Your task>
Beginning with the line that holds "Close-up of a" in the data below, give again every line through the one that holds "MTOR Monoclonal Antibody", exactly as written.

Supplied material>
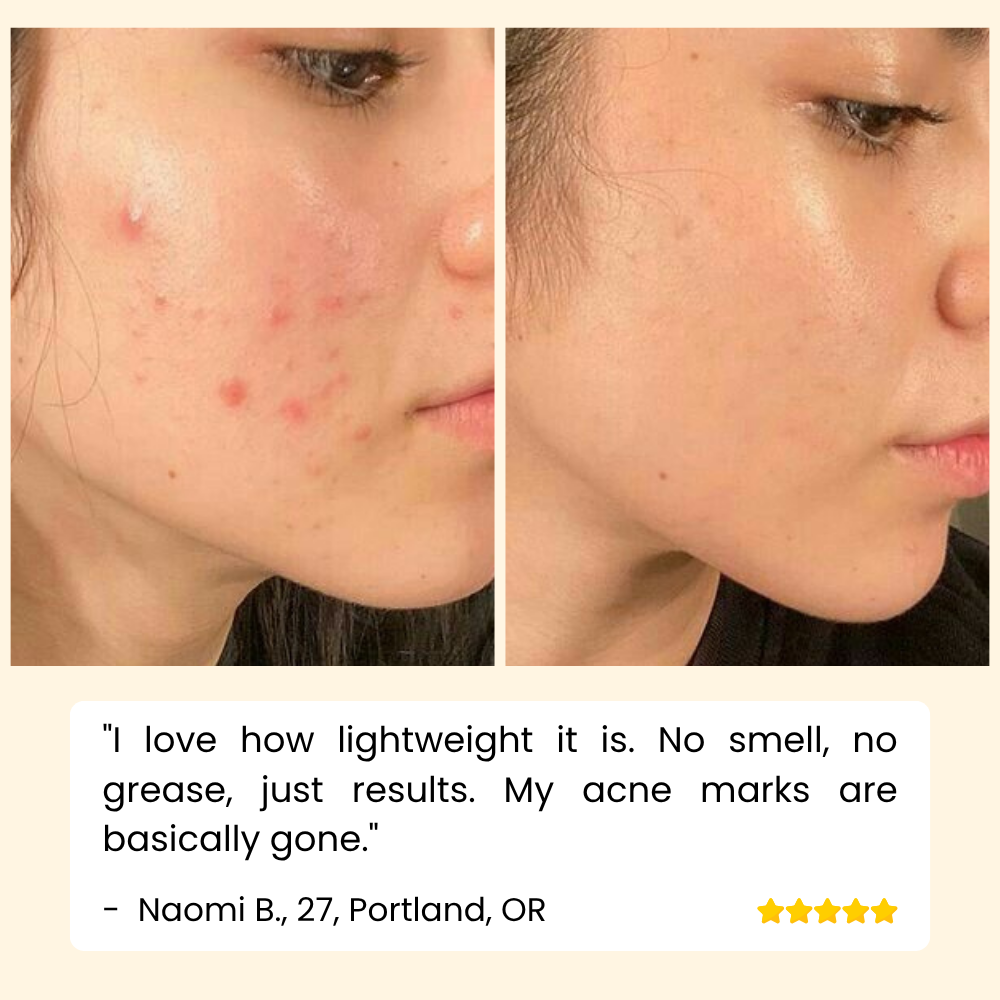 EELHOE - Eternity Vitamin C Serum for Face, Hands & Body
---
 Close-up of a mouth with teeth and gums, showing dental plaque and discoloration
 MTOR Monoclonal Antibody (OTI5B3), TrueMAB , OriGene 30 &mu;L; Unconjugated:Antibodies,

Solution>
 Close-up of a mouth with teeth and gums, showing dental plaque and discoloration
 MTOR Monoclonal Antibody (OTI5B3), TrueMAB , OriGene 30 &mu;L; Unconjugated:Antibodies,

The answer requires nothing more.